HOW TO COMPLETE THIS TASK: Lines from the one with "현장 중심의 기술규제 기업애로 해소 추진 현장" up to and including the one with "Express Black &" are to be copied exactly from the records below, without their pictures.

ENTRIES PROVIDED START

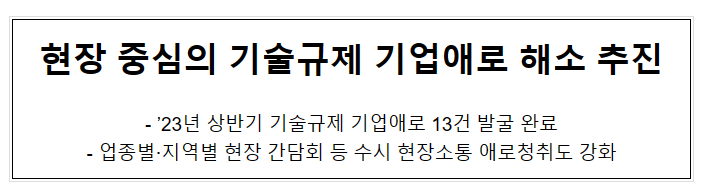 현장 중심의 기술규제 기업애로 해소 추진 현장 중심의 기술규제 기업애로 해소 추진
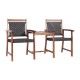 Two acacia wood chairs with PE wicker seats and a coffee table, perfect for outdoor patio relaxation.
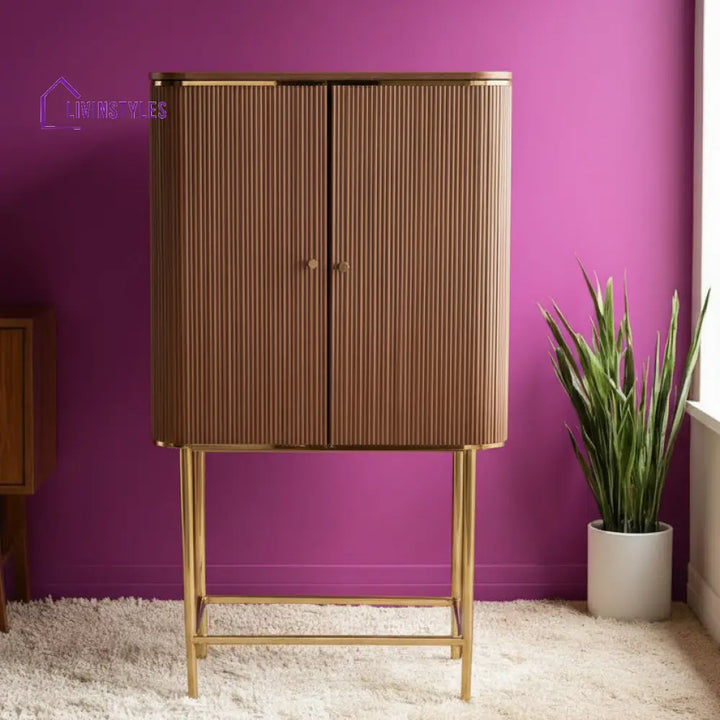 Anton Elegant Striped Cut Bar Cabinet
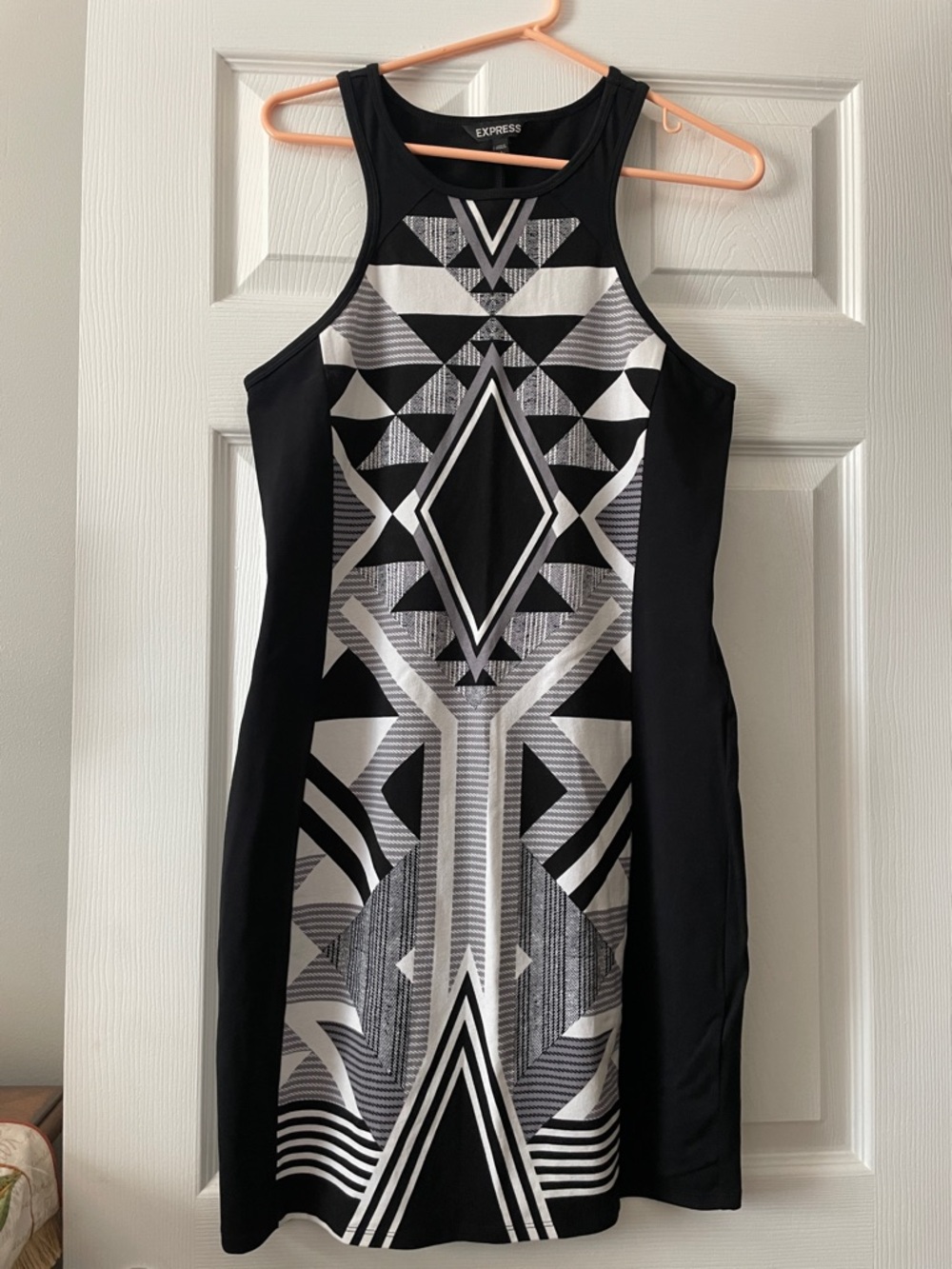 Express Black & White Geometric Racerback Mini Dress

ENTRIES PROVIDED END
ENTRIES PROVIDED START

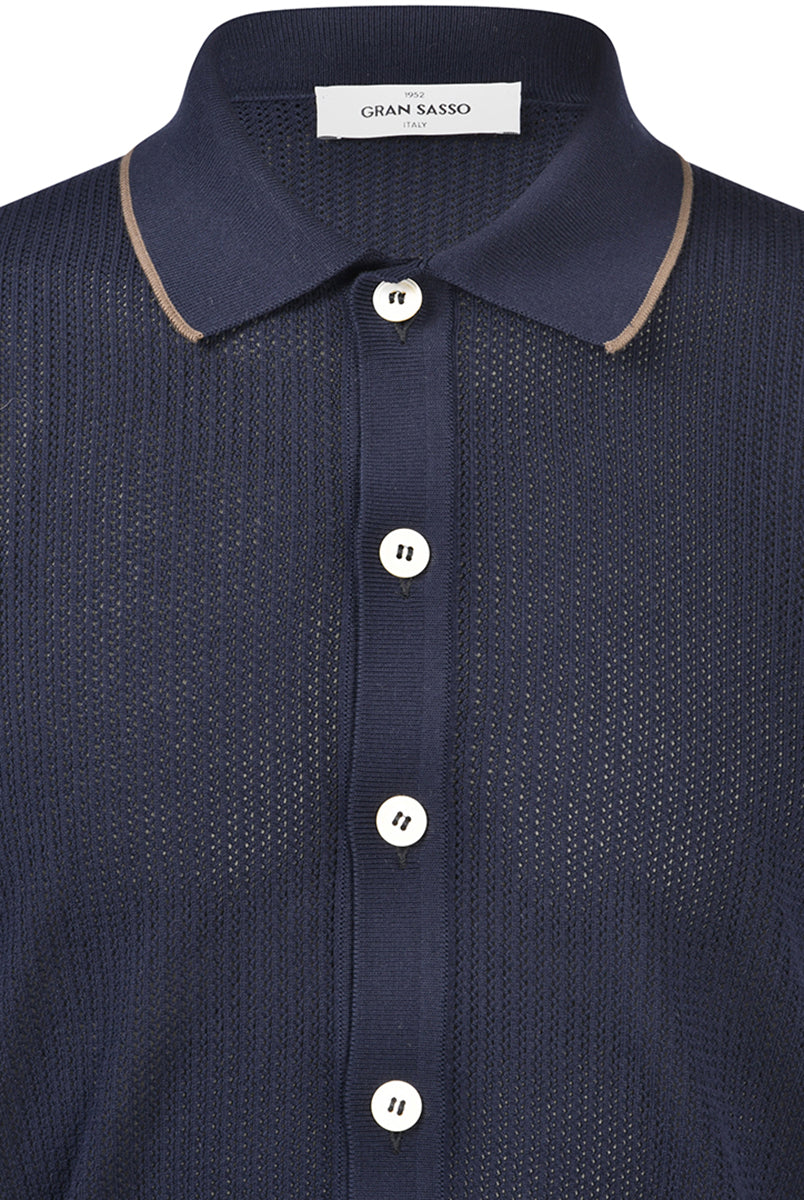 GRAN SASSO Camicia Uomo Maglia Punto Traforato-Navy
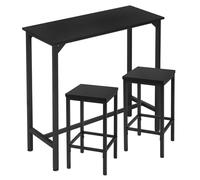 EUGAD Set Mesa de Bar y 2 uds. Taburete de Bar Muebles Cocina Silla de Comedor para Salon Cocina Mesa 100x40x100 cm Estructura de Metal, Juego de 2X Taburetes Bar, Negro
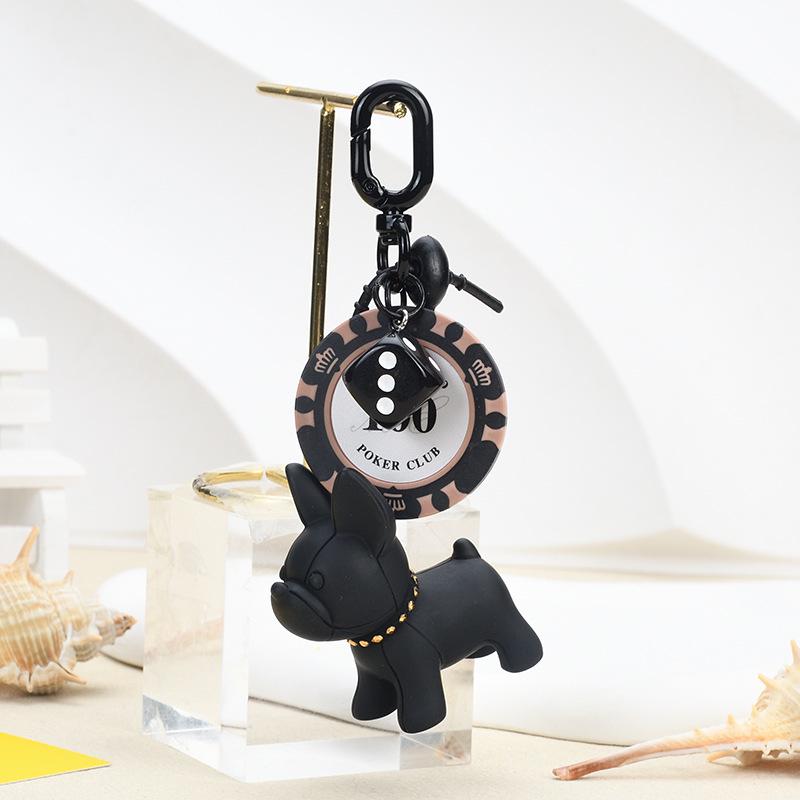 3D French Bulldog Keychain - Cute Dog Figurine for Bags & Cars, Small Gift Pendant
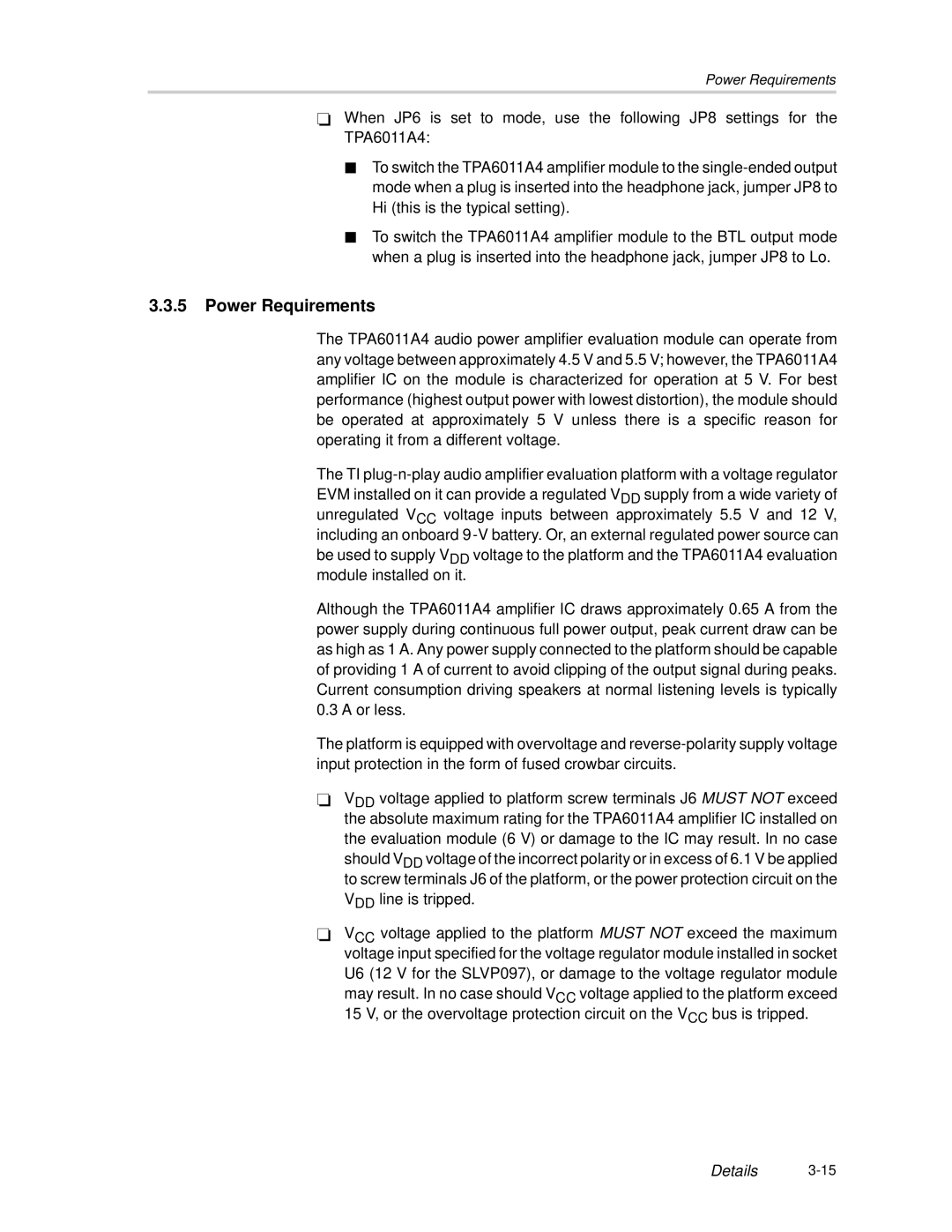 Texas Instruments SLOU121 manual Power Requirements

ENTRIES PROVIDED END

RESPONSE:
 현장 중심의 기술규제 기업애로 해소 추진 현장 중심의 기술규제 기업애로 해소 추진
 Two acacia wood chairs with PE wicker seats and a coffee table, perfect for outdoor patio relaxation.
 Anton Elegant Striped Cut Bar Cabinet
 Express Black & White Geometric Racerback Mini Dress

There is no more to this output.